Thesis | Approximate String Matching: Theory and Applications

ByIbrahim Chegrane

Thesis | Approximate String Matching: Theory and Applications

Research filed(s): Text Algorithms, String Algorithms
Thesis title: Approximate String Matching: Theory and Applications
Degree: Ph.D in Computer Science
Supervisor(s): Dr Nacéra Bensaou, Dr Djamal Belazzougui, Dr Mathieu Raffinot

Where did you undertake your research? I undertook the research of my thesis in the Laboratory for Research in Artificial Intelligence (LRIA) at the University of Sciences and Technology Houari Boumediene (USTHB) in Algiers, Algeria. Part of my thesis work was done at the Laboratoire d’Informatique Algorithmique: Fondements et Applications (LIAFA) Paris Diderot, Paris 7 University, France.

What is your thesis about?
The research topic of my thesis is ”Approximate string matching: theory and applications” where we build indices for text and dictionaries in a way that allows fast, exact and approximate search, allowing for typographical errors.

An exact search consists of finding a query word without error. For example, looking for the word ibrahim, so we find exactly that word in the text (or in the dictionary) and/or all its positions. In practice, the exact search is not always adequate if the query word and/or words in the dictionary or text contain typographical errors. Depending on the domain, errors may be due to several reasons: for example, a typing error during a quick entry, or texts that come from an Optical Character Recognition tool (OCR) may contain errors of miss-recognition, etc. Approximate search solves this problem by handling errors and finding occurrences that are lexically close to query word. For example, looking for the word ibrahim, we find: ibrahimovic, abraham, blahim, brahim, etc.

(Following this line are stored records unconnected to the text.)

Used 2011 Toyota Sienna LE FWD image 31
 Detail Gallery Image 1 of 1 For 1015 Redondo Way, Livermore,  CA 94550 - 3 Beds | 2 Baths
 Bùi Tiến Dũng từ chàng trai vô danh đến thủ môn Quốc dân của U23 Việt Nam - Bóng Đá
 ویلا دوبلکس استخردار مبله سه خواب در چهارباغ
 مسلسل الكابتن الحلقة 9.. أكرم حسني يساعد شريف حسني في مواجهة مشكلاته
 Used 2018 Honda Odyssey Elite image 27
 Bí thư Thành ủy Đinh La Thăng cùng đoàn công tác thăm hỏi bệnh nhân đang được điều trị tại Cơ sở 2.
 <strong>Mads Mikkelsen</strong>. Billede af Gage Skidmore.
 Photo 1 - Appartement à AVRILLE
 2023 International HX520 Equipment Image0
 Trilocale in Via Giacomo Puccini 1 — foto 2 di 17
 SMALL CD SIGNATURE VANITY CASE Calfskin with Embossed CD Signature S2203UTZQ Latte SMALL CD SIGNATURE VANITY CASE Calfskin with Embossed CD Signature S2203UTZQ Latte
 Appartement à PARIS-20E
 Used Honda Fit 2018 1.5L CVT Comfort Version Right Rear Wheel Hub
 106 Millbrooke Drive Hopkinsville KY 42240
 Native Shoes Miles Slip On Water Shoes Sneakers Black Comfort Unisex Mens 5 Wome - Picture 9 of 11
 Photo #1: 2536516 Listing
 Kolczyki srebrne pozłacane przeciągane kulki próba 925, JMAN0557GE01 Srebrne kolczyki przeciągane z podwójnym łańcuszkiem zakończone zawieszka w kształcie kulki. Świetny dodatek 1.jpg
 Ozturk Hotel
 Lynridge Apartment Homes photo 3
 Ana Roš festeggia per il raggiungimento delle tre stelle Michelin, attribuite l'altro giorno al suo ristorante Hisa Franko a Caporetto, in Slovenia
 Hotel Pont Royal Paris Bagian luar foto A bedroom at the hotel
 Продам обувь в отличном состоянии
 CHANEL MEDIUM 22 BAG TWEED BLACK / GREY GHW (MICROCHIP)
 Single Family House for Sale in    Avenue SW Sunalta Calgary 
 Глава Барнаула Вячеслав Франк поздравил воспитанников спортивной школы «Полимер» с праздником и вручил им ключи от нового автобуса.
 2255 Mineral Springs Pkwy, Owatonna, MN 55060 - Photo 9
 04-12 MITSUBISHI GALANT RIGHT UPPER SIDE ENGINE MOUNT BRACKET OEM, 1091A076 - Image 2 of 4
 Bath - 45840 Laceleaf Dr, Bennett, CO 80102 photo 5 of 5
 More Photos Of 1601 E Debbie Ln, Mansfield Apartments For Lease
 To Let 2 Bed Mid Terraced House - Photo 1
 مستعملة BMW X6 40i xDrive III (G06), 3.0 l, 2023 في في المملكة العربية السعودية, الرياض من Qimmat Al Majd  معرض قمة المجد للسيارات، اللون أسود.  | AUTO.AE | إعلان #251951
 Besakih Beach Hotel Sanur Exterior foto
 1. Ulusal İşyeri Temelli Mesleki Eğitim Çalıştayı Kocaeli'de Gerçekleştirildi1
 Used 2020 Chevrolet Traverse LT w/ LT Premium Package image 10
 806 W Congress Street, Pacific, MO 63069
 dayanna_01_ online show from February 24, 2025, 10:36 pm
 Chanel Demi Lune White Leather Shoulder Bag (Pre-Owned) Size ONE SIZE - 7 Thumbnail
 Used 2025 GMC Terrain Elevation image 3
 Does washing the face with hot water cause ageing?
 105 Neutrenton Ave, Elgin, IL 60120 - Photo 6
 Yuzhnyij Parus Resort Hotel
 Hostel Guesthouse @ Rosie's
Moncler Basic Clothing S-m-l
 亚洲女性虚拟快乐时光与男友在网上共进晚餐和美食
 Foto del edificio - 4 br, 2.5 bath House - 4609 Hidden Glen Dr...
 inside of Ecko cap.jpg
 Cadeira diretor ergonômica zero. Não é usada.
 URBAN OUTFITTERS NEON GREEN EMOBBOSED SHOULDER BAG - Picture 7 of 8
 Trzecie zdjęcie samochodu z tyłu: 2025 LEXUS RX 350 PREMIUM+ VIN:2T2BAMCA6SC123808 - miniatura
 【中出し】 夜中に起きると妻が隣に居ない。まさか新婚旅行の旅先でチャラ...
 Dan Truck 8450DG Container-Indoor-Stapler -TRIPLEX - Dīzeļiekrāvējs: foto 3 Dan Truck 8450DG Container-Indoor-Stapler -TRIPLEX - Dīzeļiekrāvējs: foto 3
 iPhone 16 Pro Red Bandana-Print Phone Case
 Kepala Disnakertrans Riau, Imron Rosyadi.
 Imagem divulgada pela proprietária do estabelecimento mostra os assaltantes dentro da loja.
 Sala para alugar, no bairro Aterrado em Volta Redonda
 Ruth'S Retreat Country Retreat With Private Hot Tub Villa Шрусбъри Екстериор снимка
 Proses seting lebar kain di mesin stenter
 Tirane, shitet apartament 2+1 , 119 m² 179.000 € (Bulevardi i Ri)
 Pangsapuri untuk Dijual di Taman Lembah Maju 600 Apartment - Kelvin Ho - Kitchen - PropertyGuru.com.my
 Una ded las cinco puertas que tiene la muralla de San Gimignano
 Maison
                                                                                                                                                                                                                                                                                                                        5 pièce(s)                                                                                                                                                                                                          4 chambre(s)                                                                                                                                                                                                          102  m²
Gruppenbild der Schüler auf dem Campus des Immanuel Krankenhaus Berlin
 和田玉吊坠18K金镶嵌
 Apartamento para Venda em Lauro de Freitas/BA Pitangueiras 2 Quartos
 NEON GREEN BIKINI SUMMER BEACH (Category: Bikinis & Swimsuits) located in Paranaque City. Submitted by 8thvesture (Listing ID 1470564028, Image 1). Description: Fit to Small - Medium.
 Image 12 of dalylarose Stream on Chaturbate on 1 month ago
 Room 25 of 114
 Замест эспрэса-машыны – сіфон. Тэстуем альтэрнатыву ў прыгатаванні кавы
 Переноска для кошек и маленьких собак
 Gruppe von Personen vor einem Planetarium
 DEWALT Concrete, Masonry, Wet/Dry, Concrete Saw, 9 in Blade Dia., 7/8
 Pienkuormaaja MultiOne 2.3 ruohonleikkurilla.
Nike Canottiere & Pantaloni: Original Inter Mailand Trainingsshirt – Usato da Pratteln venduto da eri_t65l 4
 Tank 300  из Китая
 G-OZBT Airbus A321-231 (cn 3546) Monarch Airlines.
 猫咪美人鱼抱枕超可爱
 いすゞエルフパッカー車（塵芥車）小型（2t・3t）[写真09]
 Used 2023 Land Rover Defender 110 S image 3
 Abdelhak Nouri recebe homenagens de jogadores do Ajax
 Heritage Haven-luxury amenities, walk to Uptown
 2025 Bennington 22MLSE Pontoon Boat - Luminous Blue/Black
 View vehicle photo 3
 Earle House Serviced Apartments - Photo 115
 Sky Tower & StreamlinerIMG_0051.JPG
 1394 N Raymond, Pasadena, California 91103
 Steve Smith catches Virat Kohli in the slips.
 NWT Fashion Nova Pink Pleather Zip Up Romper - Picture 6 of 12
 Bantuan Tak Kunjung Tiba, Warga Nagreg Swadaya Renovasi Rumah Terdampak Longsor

Text Algorithms, is a field that deals with the study of textual data structures and text algorithms. The question for me was; what contribution can I bring that will build on existing work in this area? In turns out that researchers in this area have found that there is a gap between theoretical and practical results in the string matching domain. That is, a number of improvements have been made to several methods of solving this problem in terms of dealing with its theoretical complexity without considering practical aspects if their application.

This poses an important problem, particularly to the software developer community, or bioinformatics researchers, but also to all non-specialist text algorithmic users when it comes to choosing and using a good pattern matching algorithm.

This was the main motivation behind my doctoral thesis.

This thesis deals with the search for efficient solutions in practice, without compromising theoretical complexities associated with performance-related problems of approximate string matching in different contexts of its applications. The goal is to propose algorithms: efficient, valid in practice and competitive, and to produce at the end libraries that can be used directly by developers and researchers.

How did you get into this research?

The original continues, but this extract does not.